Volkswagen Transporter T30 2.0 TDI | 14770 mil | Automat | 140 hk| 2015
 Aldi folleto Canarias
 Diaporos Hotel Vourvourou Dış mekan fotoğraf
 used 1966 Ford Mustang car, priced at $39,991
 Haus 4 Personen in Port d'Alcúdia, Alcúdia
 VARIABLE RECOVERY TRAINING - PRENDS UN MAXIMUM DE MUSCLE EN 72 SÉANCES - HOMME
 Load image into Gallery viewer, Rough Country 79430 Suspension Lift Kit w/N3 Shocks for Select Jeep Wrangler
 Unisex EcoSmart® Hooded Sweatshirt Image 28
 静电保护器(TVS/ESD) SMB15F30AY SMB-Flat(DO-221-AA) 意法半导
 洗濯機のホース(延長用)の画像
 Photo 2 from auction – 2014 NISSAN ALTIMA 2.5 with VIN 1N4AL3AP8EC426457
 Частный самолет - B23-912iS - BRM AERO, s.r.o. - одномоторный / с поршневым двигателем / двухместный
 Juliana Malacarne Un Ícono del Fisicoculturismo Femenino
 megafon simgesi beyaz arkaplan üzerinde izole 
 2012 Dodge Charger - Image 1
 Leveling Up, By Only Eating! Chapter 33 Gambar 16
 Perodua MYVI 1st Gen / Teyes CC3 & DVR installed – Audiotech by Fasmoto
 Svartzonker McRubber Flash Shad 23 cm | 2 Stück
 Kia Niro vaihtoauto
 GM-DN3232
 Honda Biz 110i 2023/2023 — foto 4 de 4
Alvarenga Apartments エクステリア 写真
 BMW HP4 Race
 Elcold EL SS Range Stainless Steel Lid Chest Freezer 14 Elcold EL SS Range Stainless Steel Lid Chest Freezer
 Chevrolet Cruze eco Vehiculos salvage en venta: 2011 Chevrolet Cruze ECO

☆ ☆ ☆ ☆ ☆ ☆ ☆

Write down exactly every line of the material above up to and including the line containing "Unisex EcoSmart® Hooded Sweatshirt Image 28".

Response area -
Volkswagen Transporter T30 2.0 TDI | 14770 mil | Automat | 140 hk| 2015
 Aldi folleto Canarias
 Diaporos Hotel Vourvourou Dış mekan fotoğraf
 used 1966 Ford Mustang car, priced at $39,991
 Haus 4 Personen in Port d'Alcúdia, Alcúdia
 VARIABLE RECOVERY TRAINING - PRENDS UN MAXIMUM DE MUSCLE EN 72 SÉANCES - HOMME
 Load image into Gallery viewer, Rough Country 79430 Suspension Lift Kit w/N3 Shocks for Select Jeep Wrangler
 Unisex EcoSmart® Hooded Sweatshirt Image 28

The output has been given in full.